▶ **WHAT IS NEEDED**
Transcribe the records in full; omit images.

▶ **RECORDS FOR THIS EXERCISE**
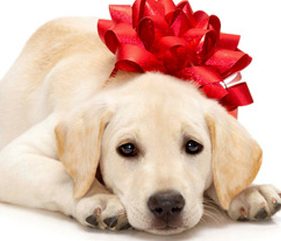 Can gifting a dog ever be a good thing?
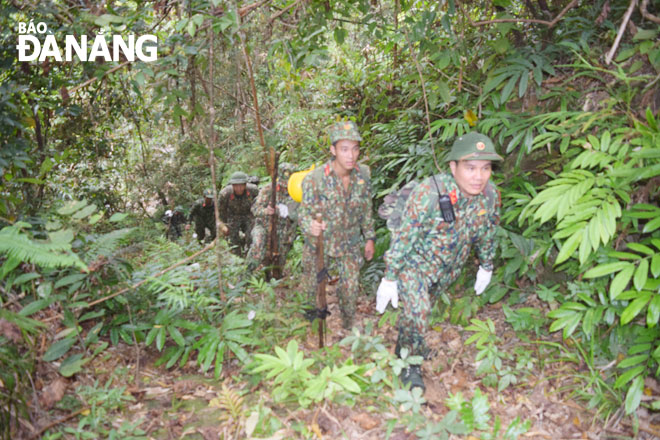 Các lực lượng tuần tra, chốt chặn, bảo vệ rừng Cà Nhông. 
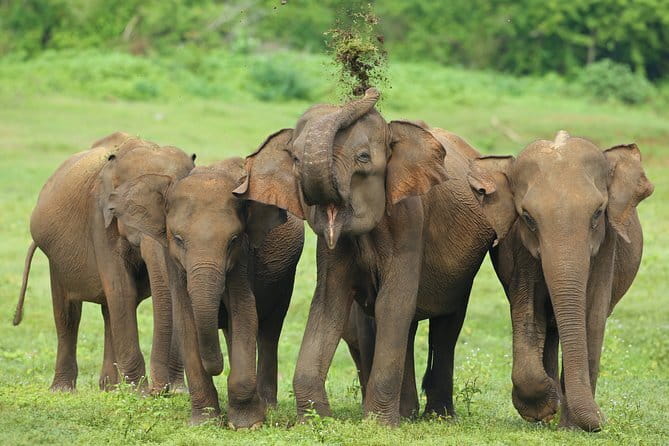 Walawe Palm Safari Udawalawe - Wildlife odds in plain terms: elephants, crocodiles, birds, and the leopard possibility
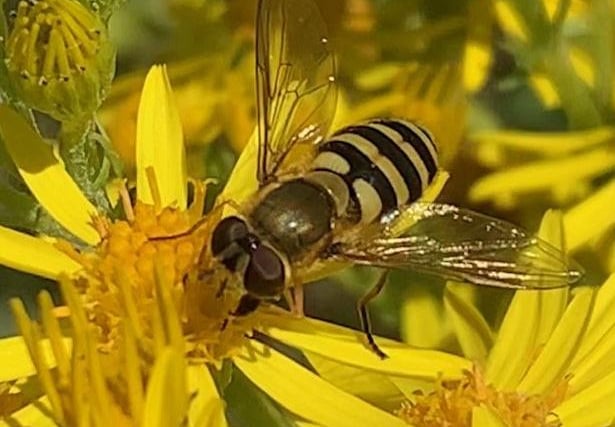 A hoverfly enjoying the sun at Butchershole, Friston Forest, by Karen Lindsay. SUS-200826-132653001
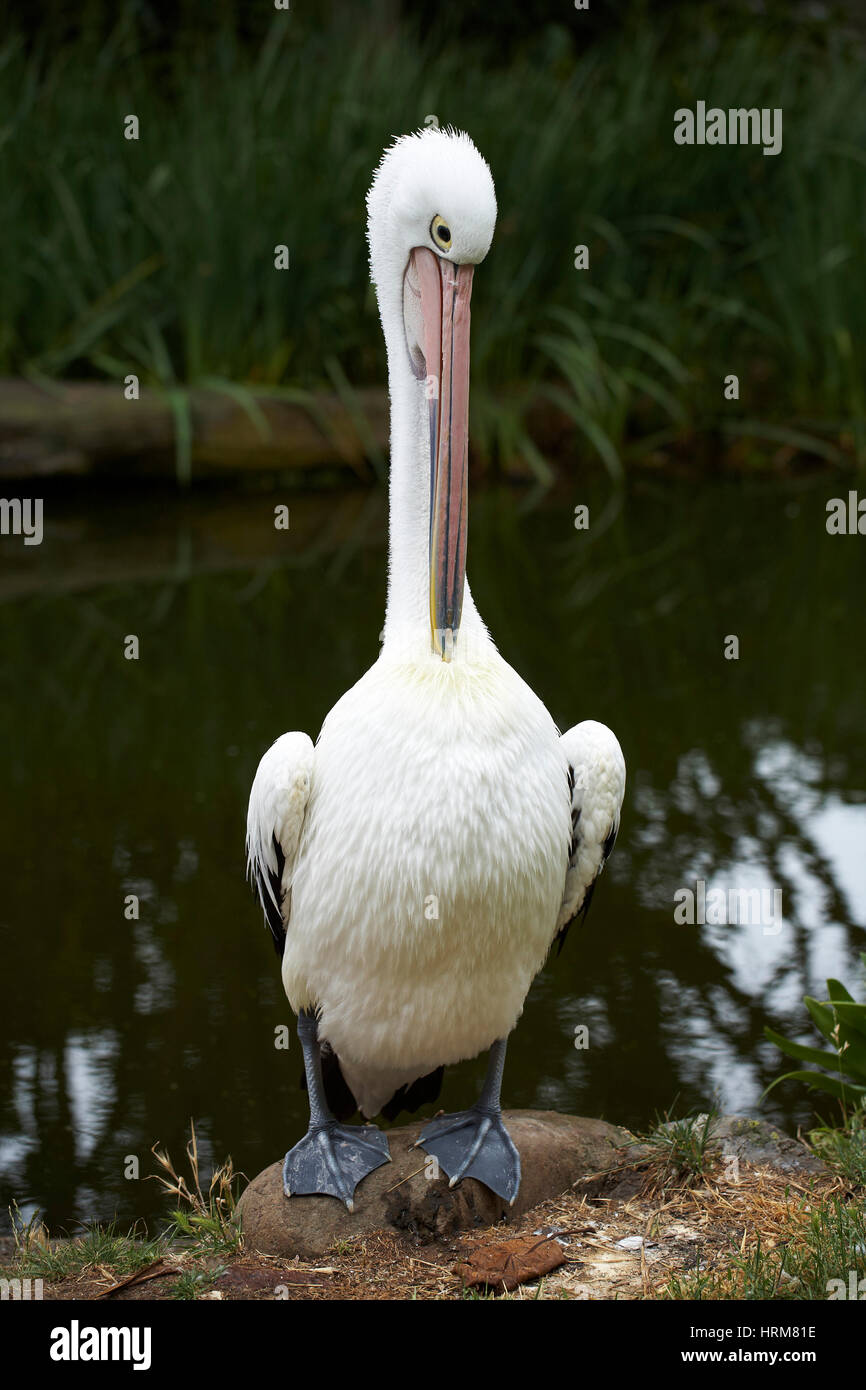 Pelican groomming stesso Foto Stock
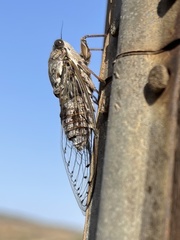 Cicada cretensis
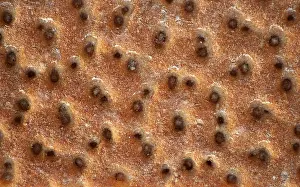 Low Calorie Diet Food Stampe: Crispbread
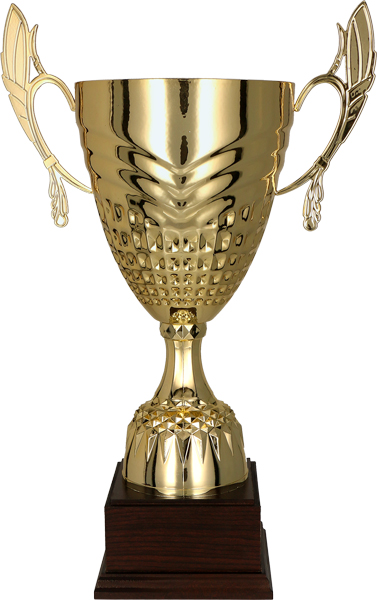 Кубок 3121E (34 см) D-120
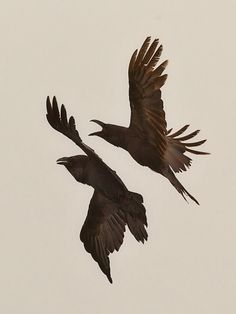 two black birds flying in the sky together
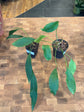 Anthurium Gracile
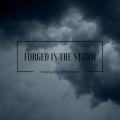 Forged in the Storm - Discography (2016 - 2020)
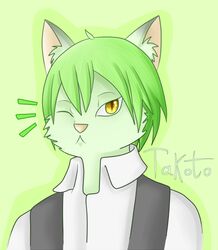 anthro arc_system_works blazblue clothing domestic_cat felid feline felis green_background green_hair hair hazama_(blazblue) male mammal one_eye_closed simple_background solo takoto wink yellow_eyes rating:safe score: user:anonymous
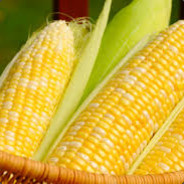 Corn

▶ **EXERCISE OUTPUT**
 Can gifting a dog ever be a good thing?
 Các lực lượng tuần tra, chốt chặn, bảo vệ rừng Cà Nhông. 
 Walawe Palm Safari Udawalawe - Wildlife odds in plain terms: elephants, crocodiles, birds, and the leopard possibility
 A hoverfly enjoying the sun at Butchershole, Friston Forest, by Karen Lindsay. SUS-200826-132653001
 Pelican groomming stesso Foto Stock
 Cicada cretensis
 Low Calorie Diet Food Stampe: Crispbread
 Кубок 3121E (34 см) D-120
 two black birds flying in the sky together
 Anthurium Gracile
 Forged in the Storm - Discography (2016 - 2020)
 anthro arc_system_works blazblue clothing domestic_cat felid feline felis green_background green_hair hair hazama_(blazblue) male mammal one_eye_closed simple_background solo takoto wink yellow_eyes rating:safe score: user:anonymous
 Corn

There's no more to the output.